Frank Teer, a rancher in Houston from 1965 to 1999, was dubbed a “Ranching Pioneer” in the B.C. Cowboy Hall of Fame early this year.
“He spent his life as a working cowboy, competitive in horse sports. [He was] a pioneer, a horseman, and a family man with four generations of family involvement in cowboy activities,” wrote his daughter Frances Teer in a memoir of her dad.
Frank died in 1999 and in 2013 was recognized in the Cowboy Hall of Fame as a “Ranching Pioneer.”
His son Dale and grandchildren Nicole and Dallas Oben accepted the plaque award on Frank’s behalf at the Williams Lake Rodeo April 21.
Frank’s memoir in the B.C. Cowboy Hall of Fame book two says, “Frank was dedicated to his family and taught his children, grandchildren and great-grandchildren the cowboy way of life.”
Frances says Frank was born in 1916 in Big River Saskatchewan and worked with cattle and horses from a young age, under the guidance of his Uncle Paddy – an experienced horse veterinarian who worked in the Boar War in Africa.
Frank joined the army at 26 and fought in World War II until his honourable discharge in 1945, when he went back to Big River for two years.
In 1947 he came to B.C. and worked on ranches in the Clinton area for several years, where he met and married Aldythe Bates (Teer) in 1950.
Frank and Aldythe bought their own 60-acre ranch in 1956 just north of Clinton where their four children, Frances, Colleen, Dale and Caroline, were born.
But Frances says Frank wanted more land to raise cattle, so when he heard there were large spreads of land available in the Bulkley Valley, he applied for a veterans grant of 160 acres of land and 320 acres of grazing rights.

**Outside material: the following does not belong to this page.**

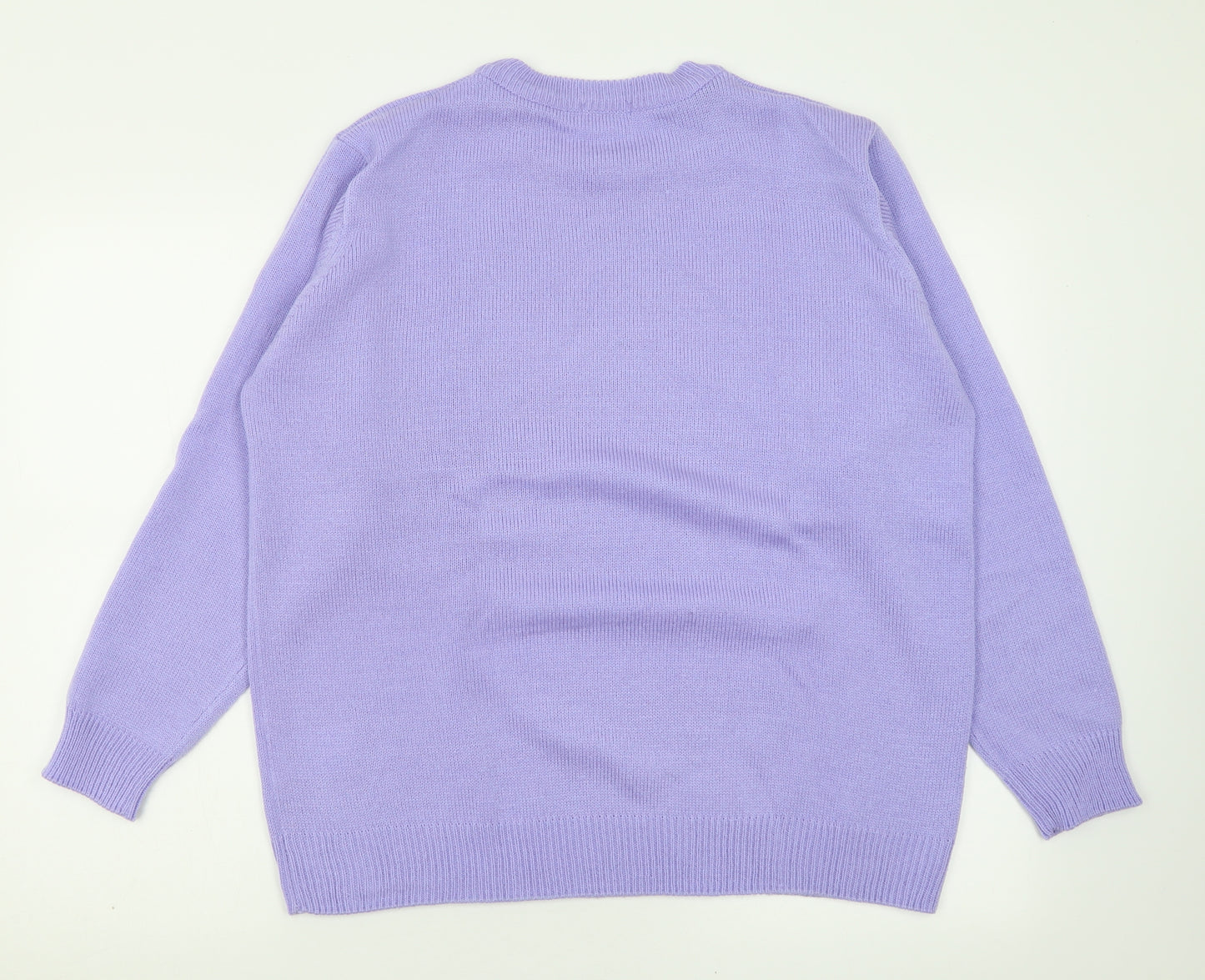 Damart Womens Purple Crew Neck  Acrylic Pullover Jumper Size 18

The family of six moved to Houston in 1965, and had to start their pioneering by building a kilometre-long road from Buck Flats Road to their property.
“The road was a muddy goat trail back then,” said Frances, adding that now it is the paved road known as Teer Road.
As they built up the place, Frank bought cattle, leased more land and in 1971 bought his first registered quarter horse stallion, getting his first crop of foals in 1972.
In 1980 they had 120 cow-calf pairs and 22 head of horses, including six brood mares, a stallion and six good riding horses that Frank and his children rode in competitions.
Frances says Frank taught all of them how to train, show, rope and rodeo horses and he and his children all competed in horse shoes, rodeos and parades.
“The children have been competing in every western horse competition since the mid-1970’s,” reads the B.C. Cowboy Hall of Fame book two.
Franks two oldest daughters, Frances and Colleen started the first saddle club in Houston, and spearheaded the development of the 80-acre rodeo grounds at Four Seasons Park.
Frances says all Frank’s children have become knowledgable stock people and live the ranching lifestyle to this very day.
His grandchildren and great-grandchildren are following the lifestyle too, she said.